In Sunday’s New York Times, Gretchen Morgenson noted that according to some acute observers, Washington’s moves to cut executive pay was “tinkering around the edges and did nothing to prevent another disaster.” She added, it “looks like a way for the government to reassure an angry public that they are making genuine changes. But compensation is a trifling matter compared to, say, true reform of derivatives trading.”
She quoted Michael Greenberger, a law professor at the University of Maryland: “In essence, the compensation problems, as bad as they are, are a sideshow to the casino-like nature of the economy as it existed.” (See “Wall Street Follies: The Next Act.”)
We all understand bigness and unfair competition, or greed and exploitation. But what about derivatives and credit default swaps? How many of us understand asset pricing and the risks of leveraging? The risks were taken with our money, but most of us don’t really understand what happened. And in the absence of public understanding and pressure for change, change is not likely.

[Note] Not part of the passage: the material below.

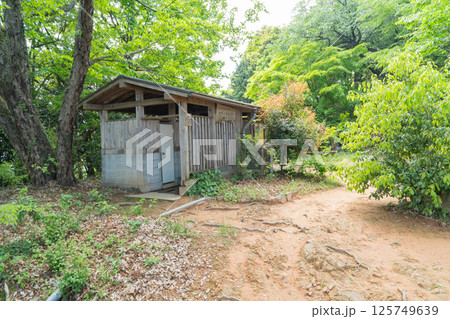 今熊山の山頂付近の公衆便所(東京都八王子市) 今熊山の山頂付近の公衆便所(東京都八王子市) 125749639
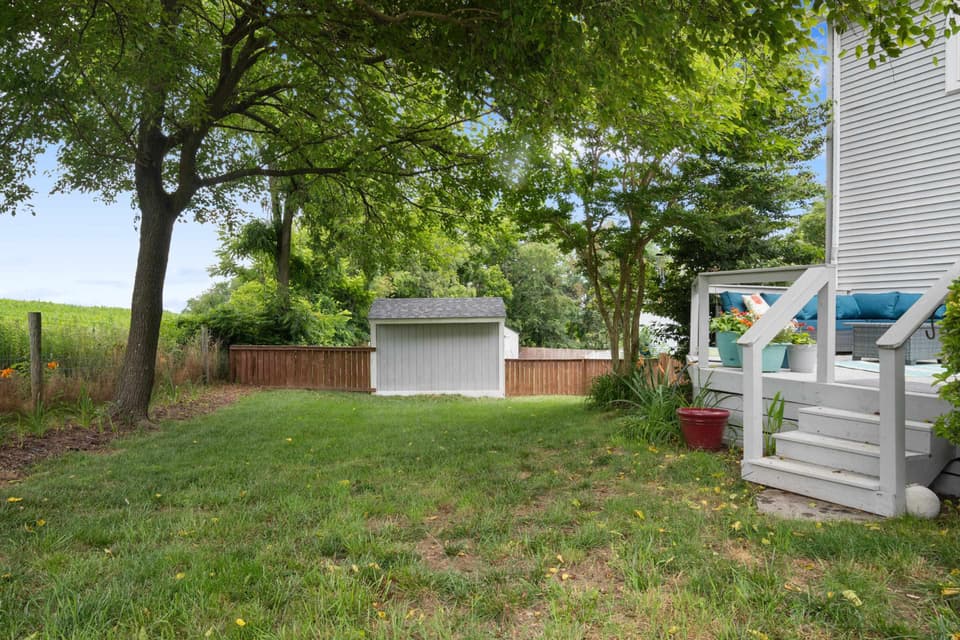 395 Warren Street, photo 11 of 40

Morgenson went on to quote Neil Barofsky, special inspector general of Treasury’s Troubled Asset Relief Program. Asked on CNN last week about changes that could prevent another financial disaster, he said he saw thing moving in the other direction: “These banks that were too big to fail, are now bigger. Government has sponsored and supported several mergers that made them larger…. The idea that the government is not going to let these banks fail, which was implicit a year ago, its now explicit.”
As a result, he concluded: “Potentially, we could be in more danger now than we were a year ago.”
So who is trying to convey to the public the “casino-like nature of the economy”? I don’t think we all need to understand what a derivative actually is, but we need some concepts and metaphors to bring home to us what we don’t know we know about the extravagant risks the high-flyers took with our money. “Casino” might be a good place to start.